> [Records to process]:
******************************

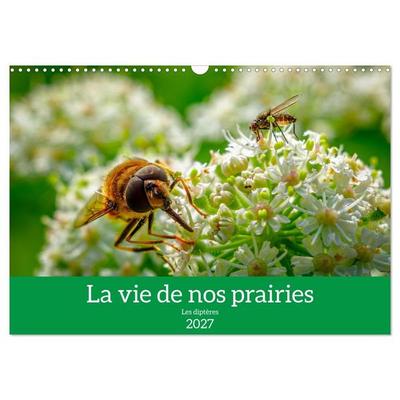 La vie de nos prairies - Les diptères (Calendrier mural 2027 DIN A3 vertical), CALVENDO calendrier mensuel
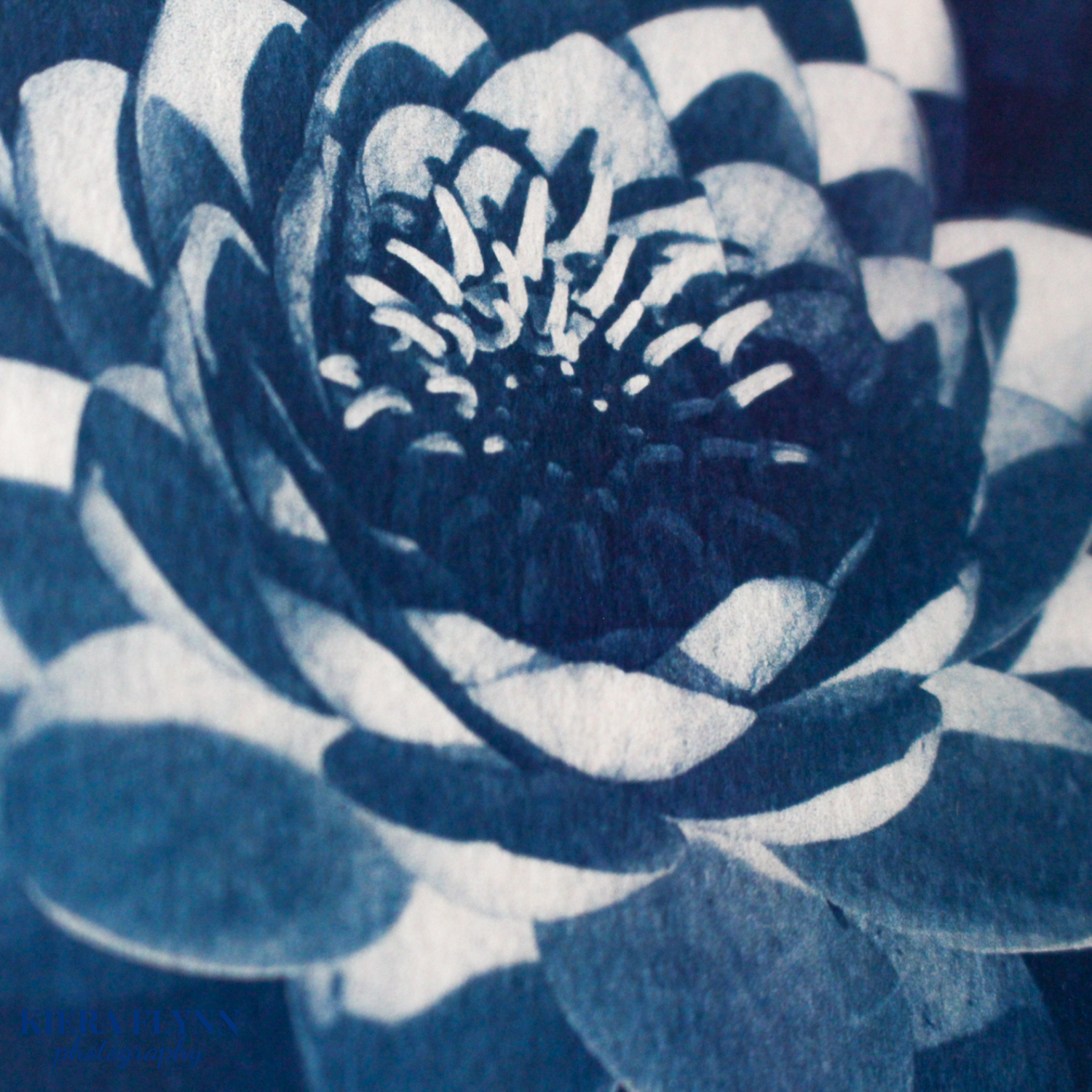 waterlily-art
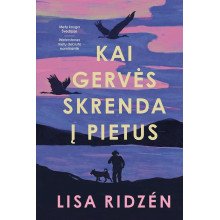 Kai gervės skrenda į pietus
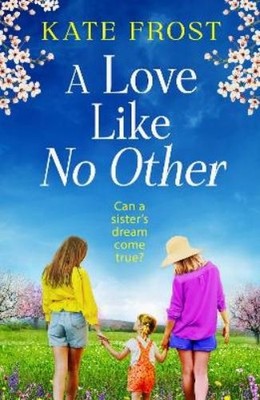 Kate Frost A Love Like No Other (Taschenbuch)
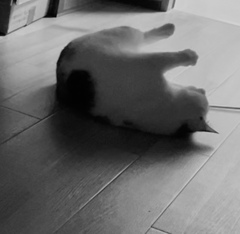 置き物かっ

******************************

> [How to complete this task]:
With the pictures set aside, copy each line above as written.

> [Answer area]:
 La vie de nos prairies - Les diptères (Calendrier mural 2027 DIN A3 vertical), CALVENDO calendrier mensuel
 waterlily-art
 Kai gervės skrenda į pietus
 Kate Frost A Love Like No Other (Taschenbuch)
 置き物かっ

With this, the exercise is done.